# What is the mildest, most moisturizing soap I can make?



## Wolf Flower (Dec 21, 2005)

Now that I have an abundance of goat's milk, I think I am ready to start making soap. Most bar soaps dry my skin, so I want to make one that won't. Any suggestions?


----------



## Seagrape (Aug 4, 2008)

I just made a 90% olive oil/10% castor oil bar with goat's milk in it. Olive oil is the oil that removes the least amount of oil from the skin so if soaps dry your skin, I would recommend a bar that that is heavy on the olive oil. I added the castor oil for more lathering. The hard part will be waiting 4-5 months for the bar to harden. (But when it does, it will be like a brick.) 

If you can't use up all your goat's milk right away, just freeze it. It will keep well.


----------



## Wolf Flower (Dec 21, 2005)

Seagrape said:


> The hard part will be waiting 4-5 months for the bar to harden.


5 months?!? Wow, that's like a finely aged cheese. :baby04:


----------



## Prickle (May 9, 2009)

I love soap made from goats milk and almond oil. Gentle and moisturizing.


----------



## Step (Aug 4, 2005)

Whatever oils you decide to use, take a higher lye discount of 7 or 8%. These overages of oil percentages will be more moisturizing for your skin. 

I use Coconut Oil, Palm Oil, EVOO, Castor Oil and I add unrefined shea butter, or, natural cocoa butter, or, mango butter. Sometimes I'll add peach kernel or apricot kernel (preferred instead of almond), avocado, pumpkin seed, rose hip or other specialty oils.. 

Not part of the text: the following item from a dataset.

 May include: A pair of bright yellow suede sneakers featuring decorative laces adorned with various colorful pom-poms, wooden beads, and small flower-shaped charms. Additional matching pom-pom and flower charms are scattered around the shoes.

I've used rice bran, safflower, sunflower and soybean oil.. The only oil I really like because it it's moisturizing qualities, is soybean oil mixed in with EVOO at no more than 15%. However, I have gotten those dreaded 'orange' spots a few times when I did use those oils, so I stick with olive oil and never had a problem. 

If you use a face cloth rather than a nylon net ball, especially when you first start using your soap, you'll find it's more moisturizing. 

Olive Oil with Castor Oil has a really nice thick and creamy lather! But, I hot process all my soap, taking a water reduction, and, including the Castile Soap, are ready to use immediately.. Of course the soap are better if they have a few weeks to evaporate, but you won't have to wait to use a bar now.


----------



## Seagrape (Aug 4, 2008)

Wolf Flower said:


> 5 months?!? Wow, that's like a finely aged cheese. :baby04:


An OO soap takes about that long to get really hard but when it does, it's like a brick.


----------



## HendricksHearth (Jul 18, 2009)

> I just made a 90% olive oil/10% castor oil bar with goat's milk in it


That sounds lovely! I find that the milk soaps are much more creamy and mild, too. My favorite is goat's milk, but I also use and like buttermilk and coconut milk.

I also agree that raising your superfat % will help provide a nice soap for dry skin. 

Best of luck,

Lauren


----------



## linn (Jul 19, 2005)

One of my favorite recipes is Aloe Cream soap. I think I got the recipe from Cyndi's website.


----------



## buslady (Feb 14, 2008)

Can youpost a link to Cyndi's site, or an address? Thanks Buslady


----------



## linn (Jul 19, 2005)

Sure, here is the link.
http://www.mullerslanefarm.com/soapmaking.html#recipes


----------



## buslady (Feb 14, 2008)

Thank you very much for posting those recipes. I had been to the site before, but that was before I got into soap making.
I have now made several batches of soap, and am loving it. I am ready to branch out and try new recipes. Of course, I will run them through the lye cac. Thanks again Buslady


----------